Search the entries for the line containing "Полка для полотенец". Repeat it, then every line after it, exactly through the final line.

Records shown >>

BEGIN

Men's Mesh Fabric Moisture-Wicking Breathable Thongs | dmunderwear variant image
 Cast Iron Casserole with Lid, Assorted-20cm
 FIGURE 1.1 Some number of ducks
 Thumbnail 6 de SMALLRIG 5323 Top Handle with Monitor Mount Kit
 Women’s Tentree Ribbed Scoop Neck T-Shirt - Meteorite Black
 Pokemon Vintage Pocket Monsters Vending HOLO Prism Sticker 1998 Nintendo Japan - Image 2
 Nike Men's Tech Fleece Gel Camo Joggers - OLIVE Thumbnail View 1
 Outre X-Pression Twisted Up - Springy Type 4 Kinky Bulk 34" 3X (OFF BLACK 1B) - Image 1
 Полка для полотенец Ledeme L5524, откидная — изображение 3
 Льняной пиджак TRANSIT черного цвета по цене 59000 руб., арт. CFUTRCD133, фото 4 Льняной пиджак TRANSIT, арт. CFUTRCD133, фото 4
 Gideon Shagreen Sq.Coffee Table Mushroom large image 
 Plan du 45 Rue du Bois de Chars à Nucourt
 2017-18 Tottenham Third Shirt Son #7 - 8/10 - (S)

END

Exercise response >>
 Полка для полотенец Ledeme L5524, откидная — изображение 3
 Льняной пиджак TRANSIT черного цвета по цене 59000 руб., арт. CFUTRCD133, фото 4 Льняной пиджак TRANSIT, арт. CFUTRCD133, фото 4
 Gideon Shagreen Sq.Coffee Table Mushroom large image 
 Plan du 45 Rue du Bois de Chars à Nucourt
 2017-18 Tottenham Third Shirt Son #7 - 8/10 - (S)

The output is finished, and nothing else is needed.